- **Problem requirements**
Could you please retype all of the records exactly, skipping any pictures?

----- Available data

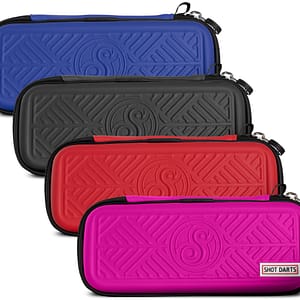 Shot Tactical Slim Dart Case Serie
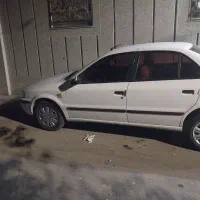 سمند ef7 مدل ۱۳۹۱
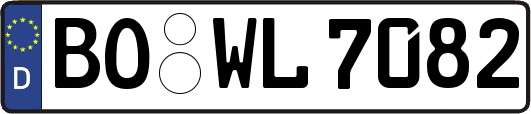 BO-WL7082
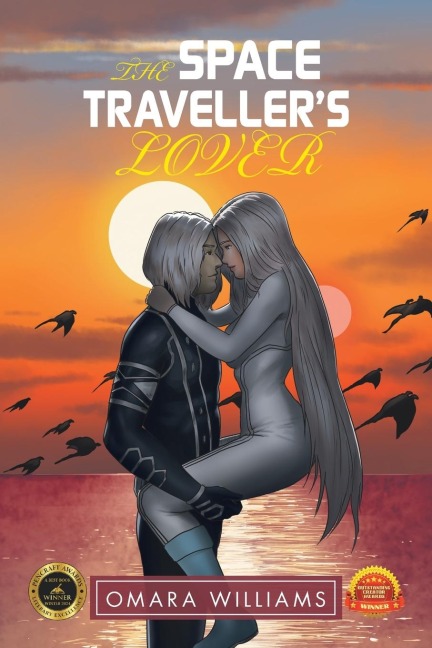 The Space Traveller's Lover - Omara Williams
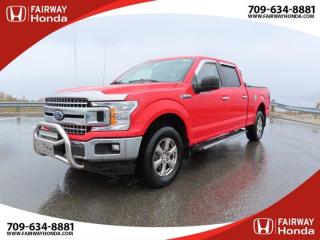 Used 2018 Ford F-150 XLT for sale in Corner Brook, NL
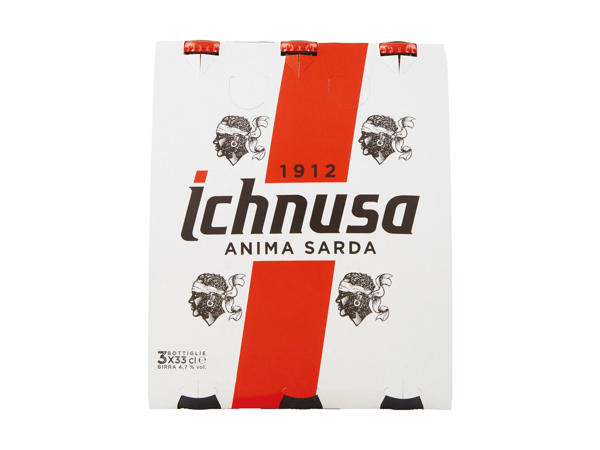 Bière Ichnusa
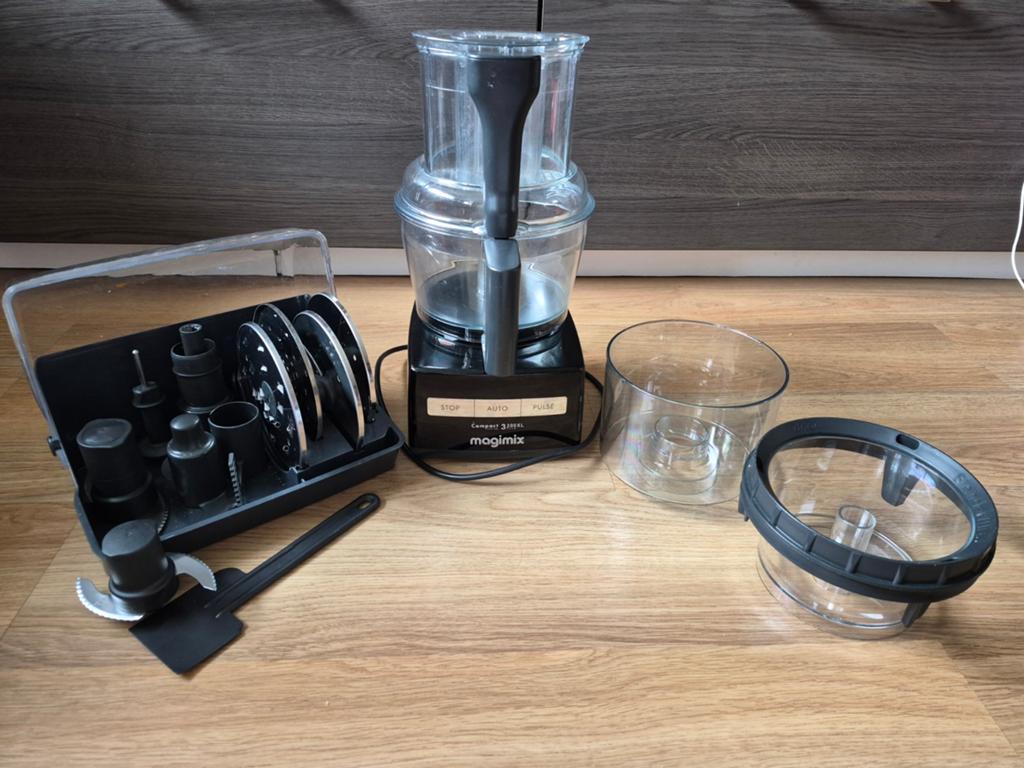 Magimix Compact 3200 XL, Ophalen of Verzenden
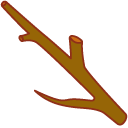 Homestar Runner Bubs and Stick pointer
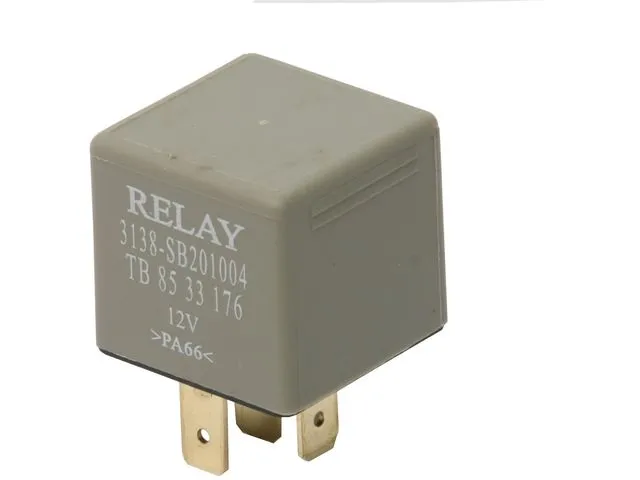APA/URO Parts A/C Compressor Throttle Cutoff Relay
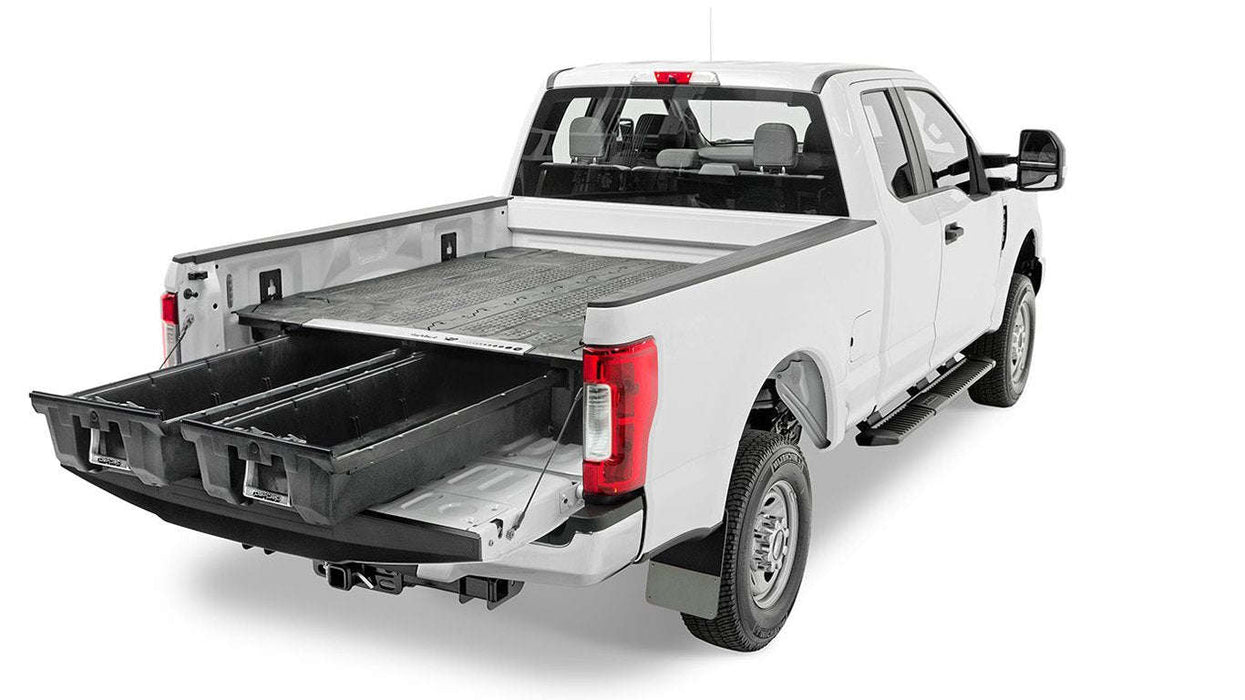 DECKED Ford F250 Super Duty Truck Bed Storage System & Organizer 2017 - Current 6' 9" Bed Model DS3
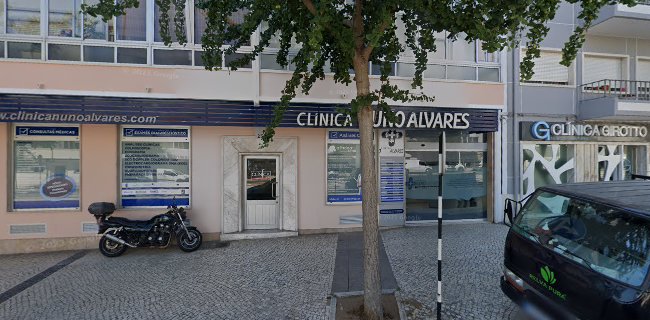 Avaliações doClínica Nuno Álvares-Cuidados Médicos Lda em Almada - Hospital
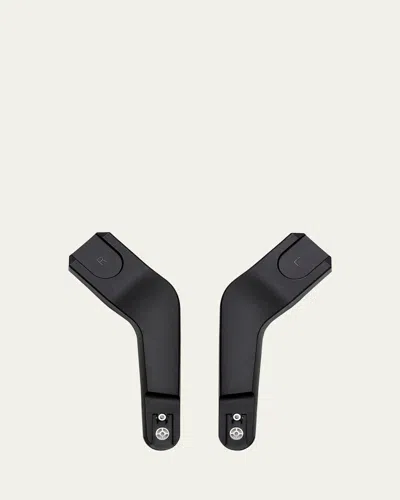 Bugaboo Butterfly Car Seat Adapter In Black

----------

- **Solution below**
 Shot Tactical Slim Dart Case Serie
 سمند ef7 مدل ۱۳۹۱
 BO-WL7082
 The Space Traveller's Lover - Omara Williams
 Used 2018 Ford F-150 XLT for sale in Corner Brook, NL
 Bière Ichnusa
 Magimix Compact 3200 XL, Ophalen of Verzenden
 Homestar Runner Bubs and Stick pointer
APA/URO Parts A/C Compressor Throttle Cutoff Relay
 DECKED Ford F250 Super Duty Truck Bed Storage System & Organizer 2017 - Current 6' 9" Bed Model DS3
 Avaliações doClínica Nuno Álvares-Cuidados Médicos Lda em Almada - Hospital
 Bugaboo Butterfly Car Seat Adapter In Black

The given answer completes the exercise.